▶ [Requirement]: Would you give the listing back word for word once its pictures are removed?

▶ [Recorded information]:
___
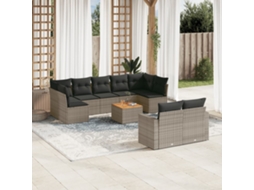Vidaxl 10 Pcs Conjunto Sofás De Jardim C/ Almofadões Vime Pe Cinzento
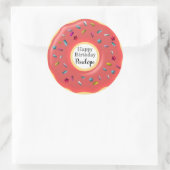 Sticker Rond Joli Décor De Donut Rose Personnalisé | Joyeux ann (Sac)
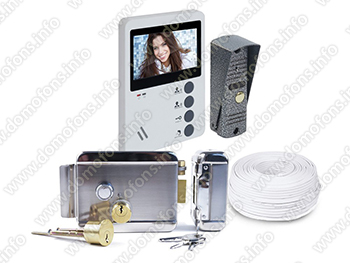 Комплект видеодомофона Eplutus EP-4407 с электромеханическим замком Anxing Lock-AX042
___
▶ [Completed exercise]:
Vidaxl 10 Pcs Conjunto Sofás De Jardim C/ Almofadões Vime Pe Cinzento
 Sticker Rond Joli Décor De Donut Rose Personnalisé | Joyeux ann (Sac)
 Комплект видеодомофона Eplutus EP-4407 с электромеханическим замком Anxing Lock-AX042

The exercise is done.